Even though their method is not a sublimation process, one website specializes in tile printing. In other words, the website implies that the business’s inkjet method produces “genuine tiles” with all the tensile strength and color consistency of conventional screen-printed tiles. In addition, this business can print one or more tiles.

Some interesting examples that are far from ordinary.

At the many tile stores my fiance and I have visited recently for our home renovation, I’ve seen everything from real stone (quartz, marble, and travertine) to inkjet-printed replicas. In fact, I’ve learned to start by scanning next to the tile.

Pervasive patterns can be seen in natural objects. Inkjet tiles appear to have a surface ink deposit on a blank tile. However, the cases may be virtually indistinguishable next to each other.

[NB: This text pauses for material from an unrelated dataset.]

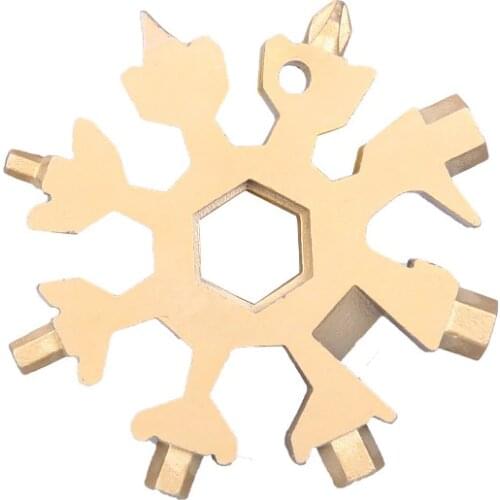 18 In 1 Snowflake Multi Pocket Tool Keyring Snowflake Key Ring Spanner Hex Wrench Multifunction Multipurpose Camp Survive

And there is no problem with the durability of the product.

Beyond the usual look, there are some rather unusual simulations such as inkjet simulations of stone, ceramic and wood on tiles.

There are even reproductions of commercial carpets on ceramic tiles that replicate the texture of the carpet. Even when you touch something, you don’t really know what you’re looking at.

The secret is that virtually anything can be made to look like something else using inkjet and other digital technologies.

And the complications are still being worked out. The goods are solid and look nice in my opinion, which proves that print is still alive. It is spreading in industrial environments like fire.